Но Юлька не расплакалась, как год назад, не убежала, а схватилась обеими руками за край трибуны и храбро посмотрела в зал. «А вот не сбегу отсюда, – упрямо решила она. – Вот не сбегу. Почему они не хотят меня принимать?»

Громче всех кричали печатники. Они сидели в первом ряду, перебивали ораторов, шумели и чувствовали себя здесь хозяевами.

– Сейчас много найдется охотников в комсомол, – кричали они, – а где они были, когда черти дохли?

– Почему они не хотят принимать? – удивлялась Юлька. – Ведь лучше же, когда больше комсомольцев будет.

В защиту Юльки выступили ребята из детской группы и Рябинин.

Рябинин сказал:

– В лице Юлии Сиверцевой, товарищи, к нам в комсомол впервые приходит новое поколение. Откуда оно? Оно из детской коммунистической группы. Это наша смена идет, товарищи!

И собрание вдруг разразилось теплыми аплодисментами. Громче всех аплодировали печатники. Они хлопали долго, дружно, по‑комсомольски. Юлька чуть не расплакалась, теперь уже от счастья. Она хотела закричать: «Ребята! Вы не напрасно берете меня в свои ряды. Я буду хорошей комсомолкой. Правда!» Больше всего ей хотелось убедить в этом печатников. Но она не знала, как, какими словами сказать это так, чтобы ей поверили, и, смущенно хлюпая носом, сбежала со сцены.

К ней подошел Рябинин, улыбаясь, протянул обе руки.

– Ну, поздравляю. Юлеша. Поздравляю нового члена комсомола!

– Рябинин! – взволнованно ответила она, – Рябинин! Ты увидишь! Я буду хорошей комсомолкой. Вот ты увидишь! Правда!

– Я верю, – засмеялся он.

Но ей казалось, что он легкомысленно относится к ее словам. Зачем он смеется? Она уже не девочка. Вчера еще, даже сегодня, даже два часа назад она была девочкой. Сейчас – нет. Сейчас она комсомолка. В Италии комсомольцев бросают в бездонные тюремные колодцы. В Китае комсомольцам рубят головы. Нет, она уже не девочка, и ей стыдно, что она чуть не расплакалась на собрании от счастья, от счастья быть в комсомоле. Комсомольцы не плачут.

Она шла, счастливая и растерянная, домой, в детдом, и взволнованно думала: «Я комсомолка? Это правда?»

Она удивленно озиралась вокруг: все было на месте, все было, как вчера, как тогда, когда она еще не была комсомолкой.

Так же круто подымалась в гору кривая немощеная улица. Юлька то попадала ногой в воду – лужа, то спотыкалась ногой о твердое – камень. Так же поскрипывали под ногой деревянные мостки, переброшенные через канавы. На реке дружно квакали лягушки. Юлька мельком подумала, что и реки‑то здесь настоящей нет. Посреди улицы задумчиво стоял единственный фонарный столб, он казался заблудившимся в тугих поворотах кривой улицы, среди толпы скучившихся домиков. Он наклонился вперед, словно искал дорогу, чтобы убежать отсюда.

Все было, как вчера.

Юлька прислушалась к своим шагам – легкие, еще детские, они рассердили ее. Она стала ступать тверже, крепче, она вколачивала шаги в тугую каменную землю, – и все же шаги ее оставались такими же детскими, как вчера.

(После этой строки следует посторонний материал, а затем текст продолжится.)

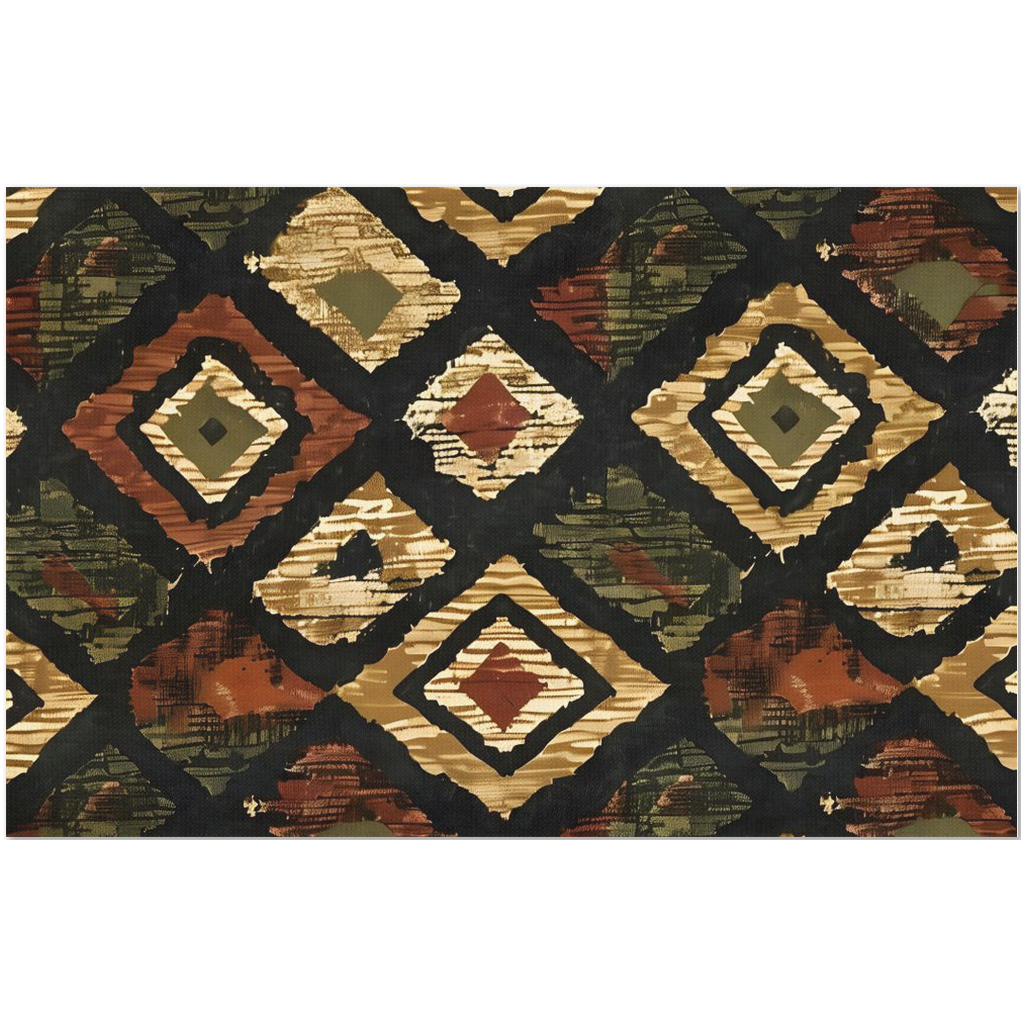 African Print Collection - Fabric By The Yard - #2022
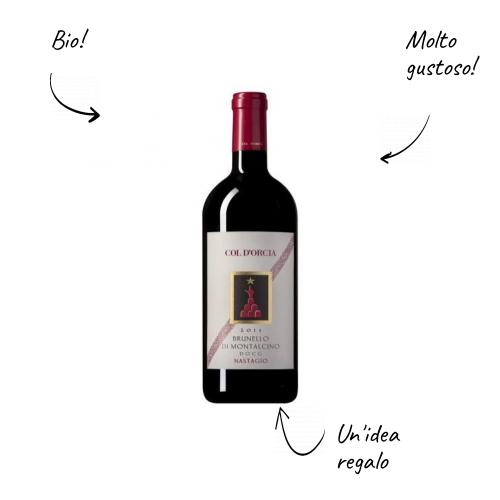 Brunello di Montalcino BIO DOCG “Nastagio” 2015 - Col d'Orcia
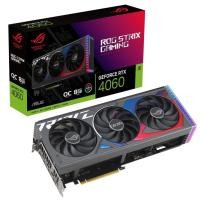 ราคา ASUS ROG Strix GeForce RTX 4060 8GB OC Edition Graphics Card การ์ดจอ (23277471170)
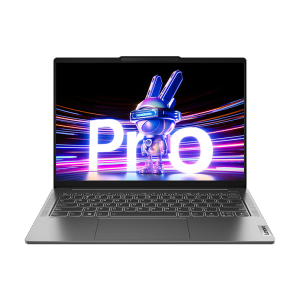 联想笔记本电脑小新Pro14超能本 高性能标压酷睿i5 14英寸轻薄本 32G 1T 2.8K高刷护眼屏 灰 游戏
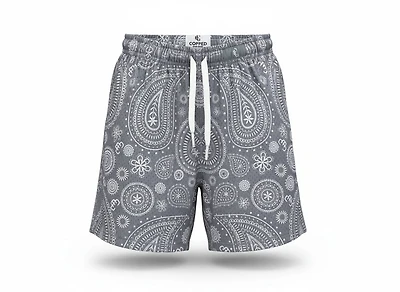 Copped Shorts Paisley Storm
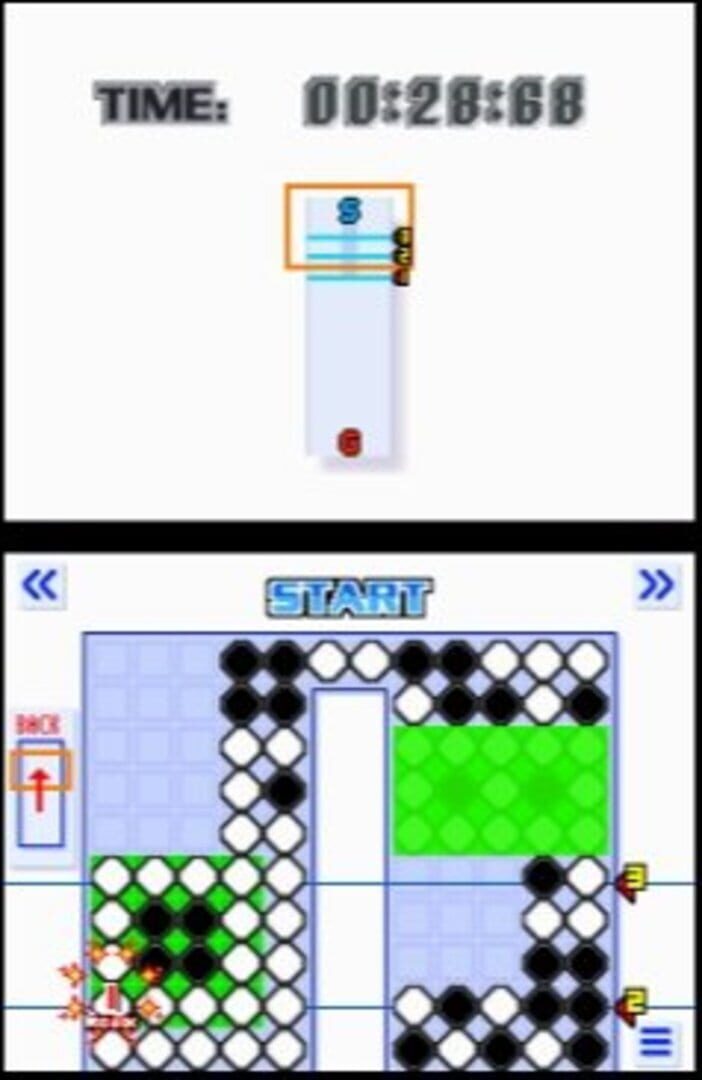 Captura de pantalla - Wakugumi: Monochrome Puzzle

Ей казалось, что когда она станет комсомолкой, все будет не так, как раньше. Все сразу вдруг изменится, станет другим. Она ждала каких‑то крутых физических изменений и в себе, и в окружающем мире. Ведь сегодня не то же, что было вчера! Равнодушие мира к ее счастью ее глубоко обижало.

Целую зиму, прячась от матери, она ходила в комсомольский клуб; ради комсомола она ушла от семьи, бросила Наталку и Варюшку. О комсомоле мечтала, глотая детдомовскую шрапнельную кашу без масла, И пот она – она комсомолка, а вокруг ничто, ничто не изменилось, все течет по‑прежнему: и лягушки обидно квакают, и редкие прохожие равнодушными, пустыми взглядами провожают члена комсомола, и шаги у нее, как и вчера, некрепкие.

Но это минутное разочарование тонуло в радости. «Я комсомолка! Я комсомолка!» – пело все в ней.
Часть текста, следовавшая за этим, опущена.